Perkembangan dalam metode pengelolaan arsip modern memiliki pendekatan yang dinamakan arsip elektronik atau sering disebut juga arsip digital. Arsip elektronik merupakan arsip yang sudah mengalami perubahan bentuk fisik dari lembaran kertas menjadi lembaran elektronik. Proses konversi arsip dari lembaran kertas menjadi lembaran elektronik disebut alih media. Proses alih media menggunakan perangkat komputer yang dibantu dengan perangkat scanner kecepatan tinggi.

Hasil alih media arsip disimpan dalam bentuk file-file yang secara fisik direkam dalam media elektronik seperti hard disk, CD, DVD dan lain-lain. Penyimpanan file-file ini dilengkapi dengan database yang akan membentuk suatu sistem arsip elektronik yang meliputi fasilitas pengaturan, pengelompokan, dan penamaan file-file hasil alih media. Keuntungan dari arsip elektronik adalah terdapatnya salinan arsip dalam bentuk elektronik, terjamin terekamnya informasi yang terkandung dalam lembaran arsip, kemudahan akses terhadap arsip elektronik, kecepatan penyajian informasi yang terekam dalam arsip elektronik, keamanan akses arsip elektronik dari pihak yang tidak berkepentingan, dan sebagai fasilitas backup arsip-arsip vital.

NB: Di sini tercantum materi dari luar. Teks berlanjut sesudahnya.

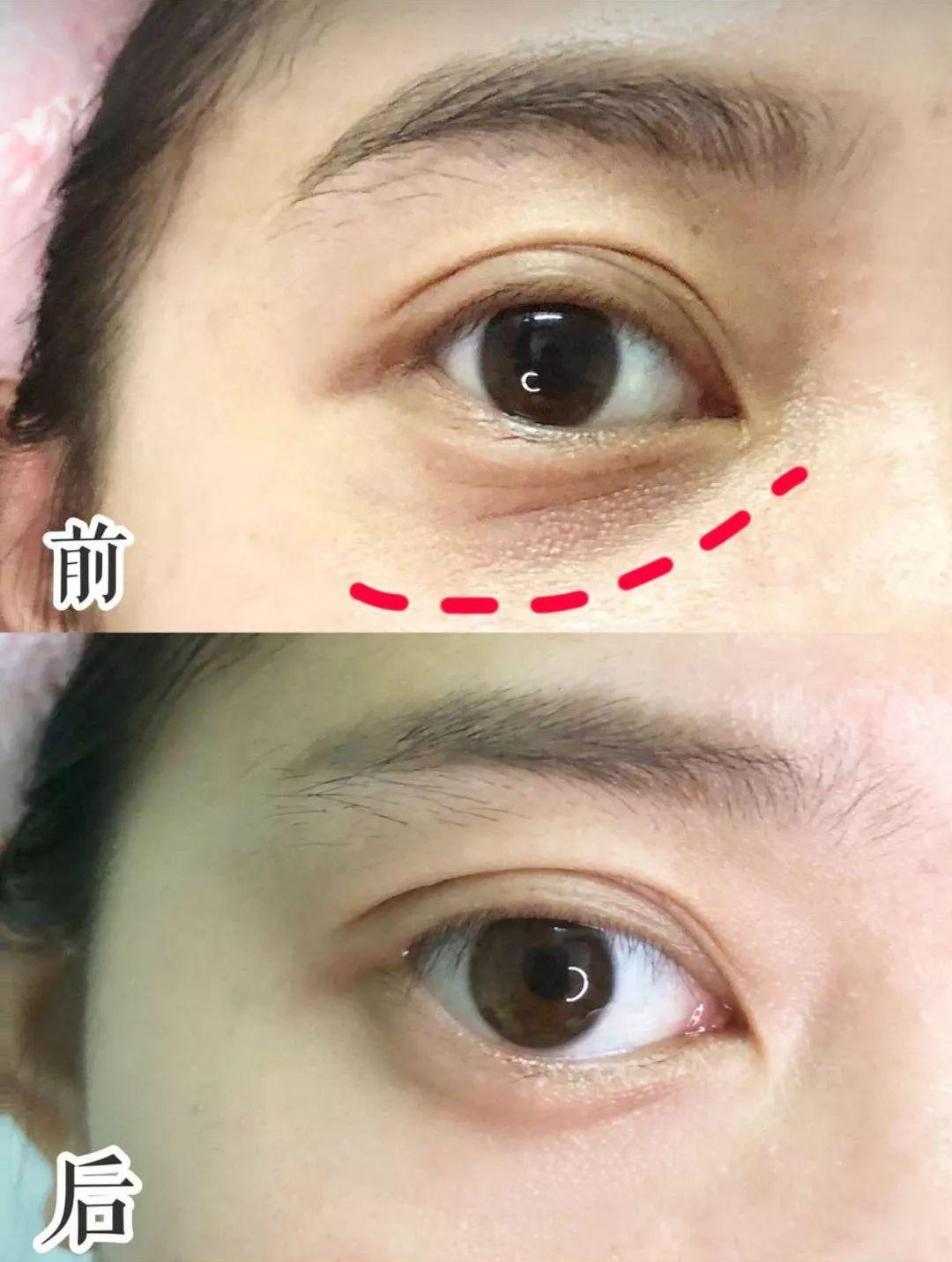 赫莲娜绿宝瓶和娇兰哪个更抗老,赫莲娜和海蓝之谜和娇兰哪个抗老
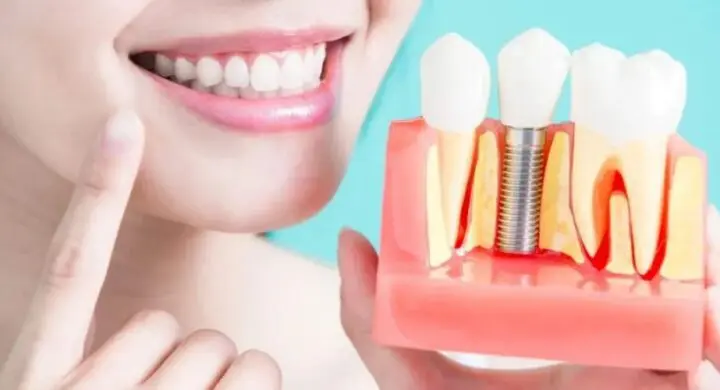 lucrari dentare pe implanturi
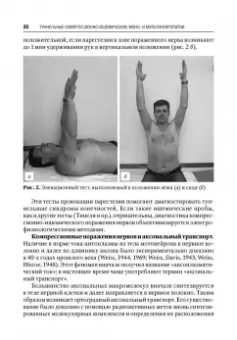 Александр Скоромец: Туннельные компрессионно-ишемические моно- и мультиневропатии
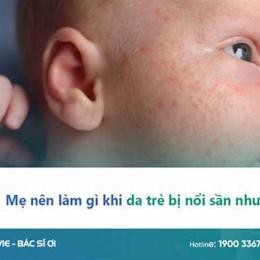 da bé bị nổi sần như da gà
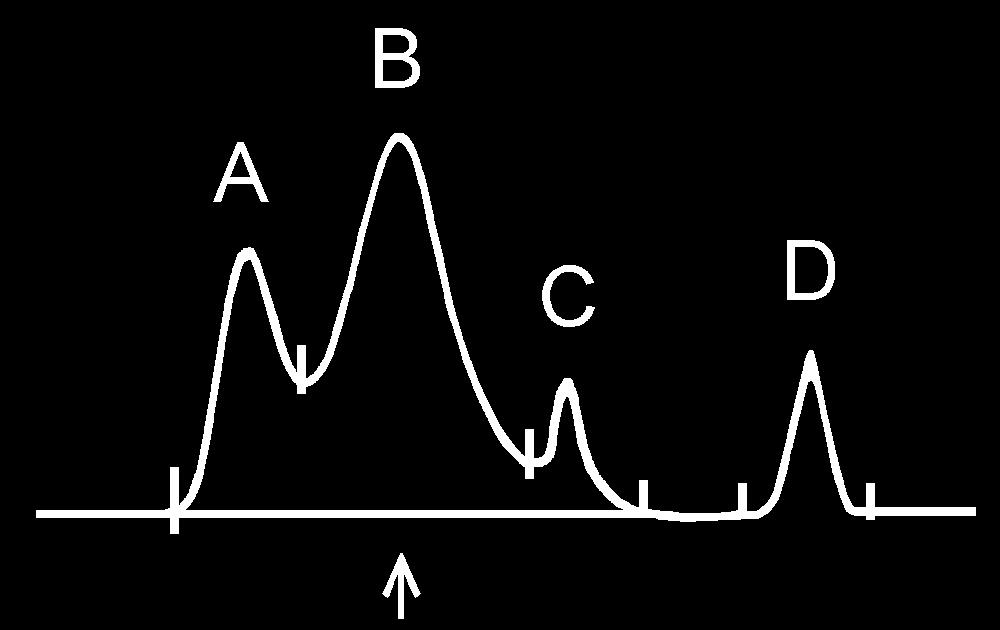 Peak Integration Flow Step 1: Peak Detection Parameter [Width] Function < >: Default Value [ ]: Setting Range The minimum width at half-height of peaks <3> (Unit: sec) [0.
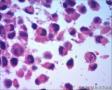女57 鼻腔新生物+图看核仁图30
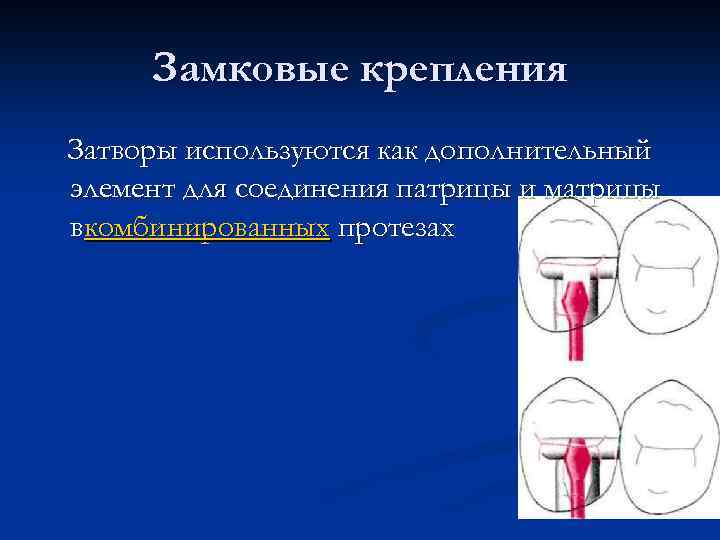 Замковые крепления Затворы используются как дополнительный элемент для соединения патрицы и матрицы вкомбинированных протезах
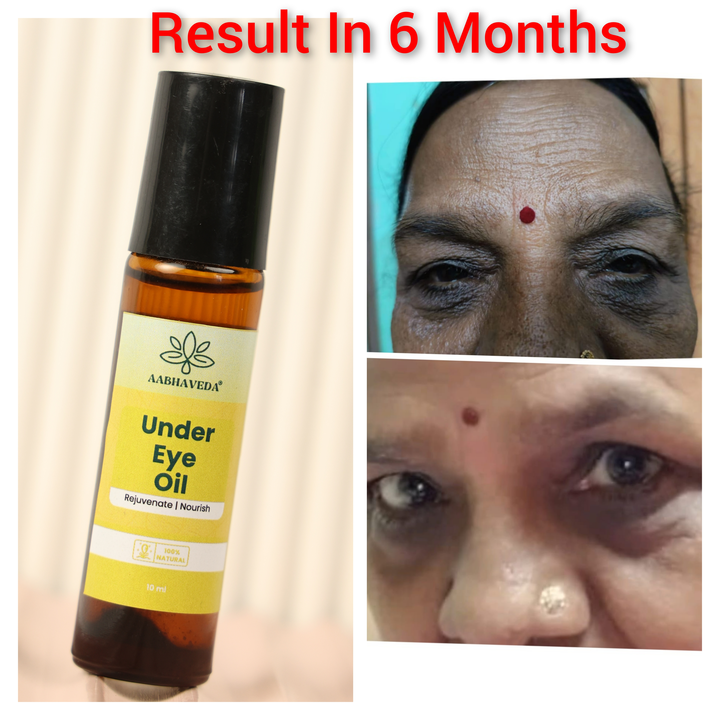 Under Eye Oil  uploaded by Aabhaveda  on 9/8/2023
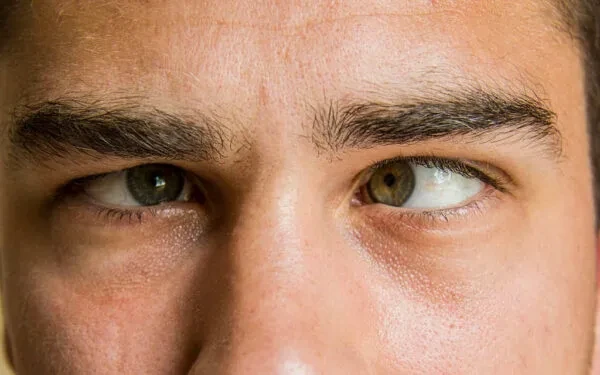 عمليات تصحيح الحول للكبار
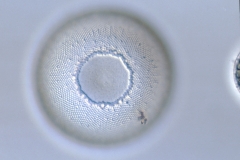 Hyalodiscus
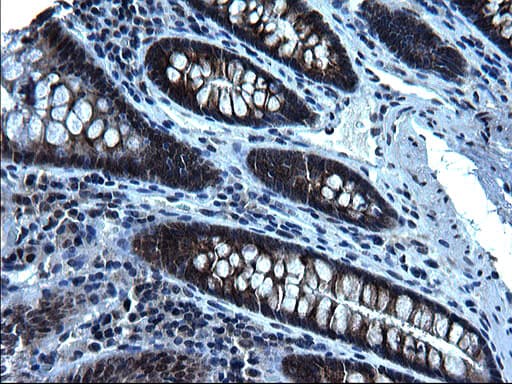 ZFAND3 / TEX27 Antibody (clone OTI1H10)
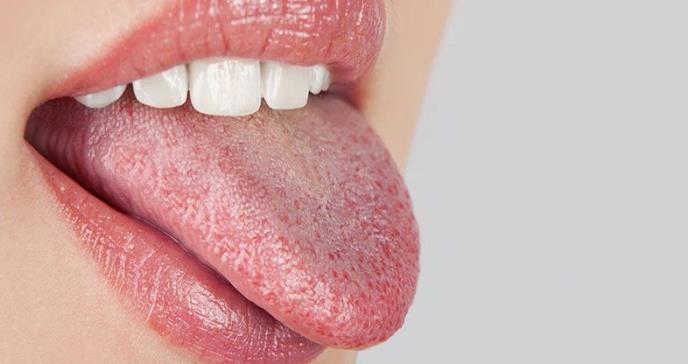 Baja protección contra bacterias, candidiasis oral y otras consecuencias de la sequedad bucal
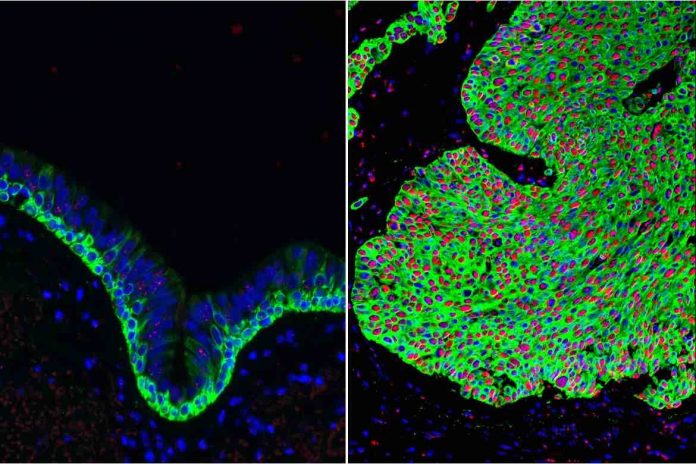 New UCLA research may lead to lung cancer prevention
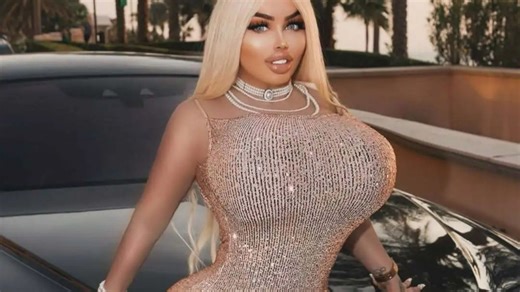 I've spent £168k on surgery, almost died & lost my pals as they're jealous of me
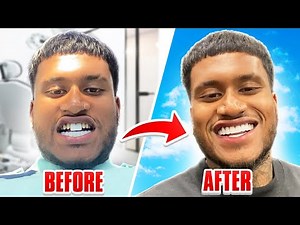Is it a GOOD IDEA to get your teeth done in TURKEY? (TEETH TRANSFORMATION)
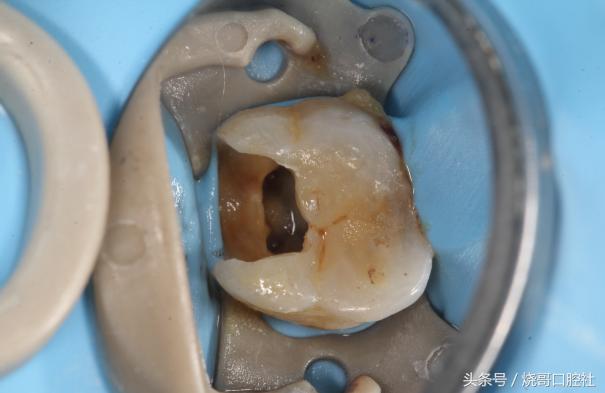 补牙一年多了咬东西还疼,补牙一年了咬合有点酸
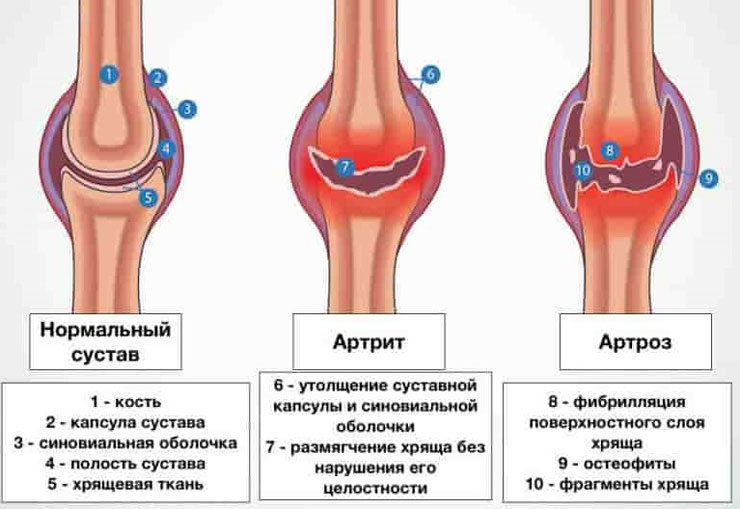 Развитие заболеваний суставов, переход артрита в артроз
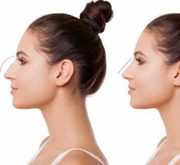 Best Nose Reshaping in Bhubaneswar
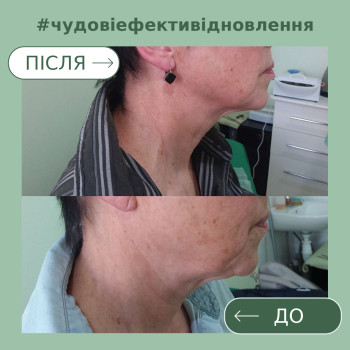 Омолодження за допомогою процедури Плазмоліфтинга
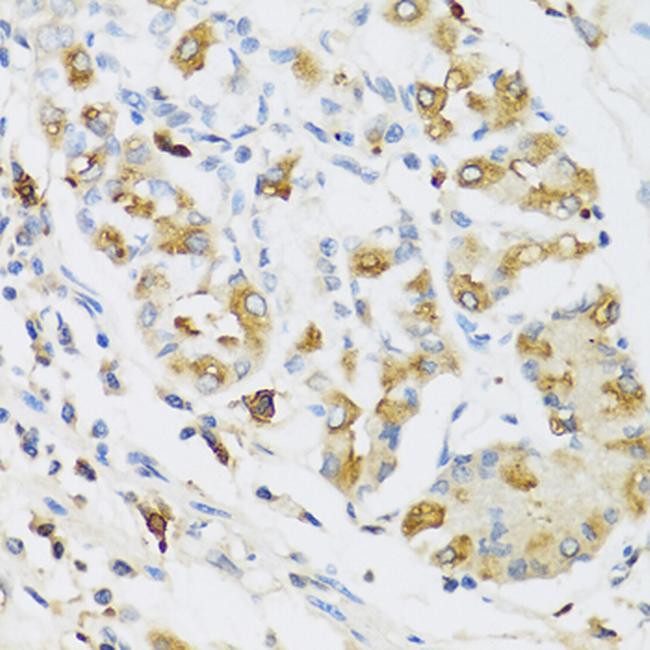 RNASE3 Antibody in Immunohistochemistry (Paraffin) (IHC (P))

Sistem arsip elektronik merupakan otomasi dari sistem arsip manual. Oleh karena itu, sistem arsip elektronik sangat tergantung dengan sistem arsip manual. Sistem arsip elektronik tidak akan terbentuk tanpa ada sistem arsip manual.

Cabinet dan map virtual merupakan database yang meniru bentuk dari cabinet dan map nyata yang dipergunakan pada sistem kearsipan konvensional. Hanya bedanya, jika di dalam cabinet dan map nyata, kemampuan menampung arsip terbatas, tetapi jika pada cabinet dan map maya ini kemampuan menampung datanya tidak terbatas, yang membatasi adalah kemampuan fisik hard disk dalam menyimpan data digital. Sedangkan lembar arsip yang tersimpan di dalam map virtual, bisa berbentuk file dokumen atau gambar. File dokumen adalah file-file yang dibuat dari Microsoft Word, Excel, Powerpoint, dan sebagainya. Sedangkan file gambar adalah file yang berupa gambar sebagai hasil scanner atau import bitmap dari media yang lain. File gambar sebagai hasil scanner merupakan salah satu proses kegiatan alih media.

Pengertian alih media sebagaimana diatur dalam PP Nomor 88 Tahun 1999 Tentang Tata Cara Pengalihan Dokumen Perusahaan ke dalam Mikrofilm atau Media lainnya adalah alih media ke mikrofilm dan media lain yang bukan kertas dengan keamanan tinggi, misalnya CDRom. Dengan demikian, alih media yang dimaksud adalah transfer informasi dari rekaman yang berbasis kertas ke dalam media lain dengan tujuan efisiensi.

Paradigma baru

Arsip lembaran elektronik yang hanya bisa diakses secara lokal, mulai dirasakan kurang sesuai dengan tuntutan globalisasi yang menghendaki akses bergerak dan bisa diperoleh dari mana pun. Terobosan baru dengan lembaran elektronik daring (online) menjadi solusi yang tepat. Konsep ini secara singkat sebenarnya hanya melanjutkan dari arsip elektronik dihubungkan dengan dunia maya (koneksi internet).

Pengelolaan lembaran arsip elektronik telah merepresentasikan materi sehingga dapat dibaca oleh mesin (komputer), kemudian disimpan, dipertahankan, serta diakses pada saat dibutuhkan secara lokal. Lebih luas lagi, konsep sistem pengelolaan arsip elektronik secara daring dapat diartikan juga sebagai perpustakaan digital. Dokumen yang disimpan pada internet server harus dapat diakses dari komputer mana pun yang terkoneksi dengan internet. Pengaksesan dokumen ditentukan oleh format dokumen yang dibuat pada proses digitalisasi.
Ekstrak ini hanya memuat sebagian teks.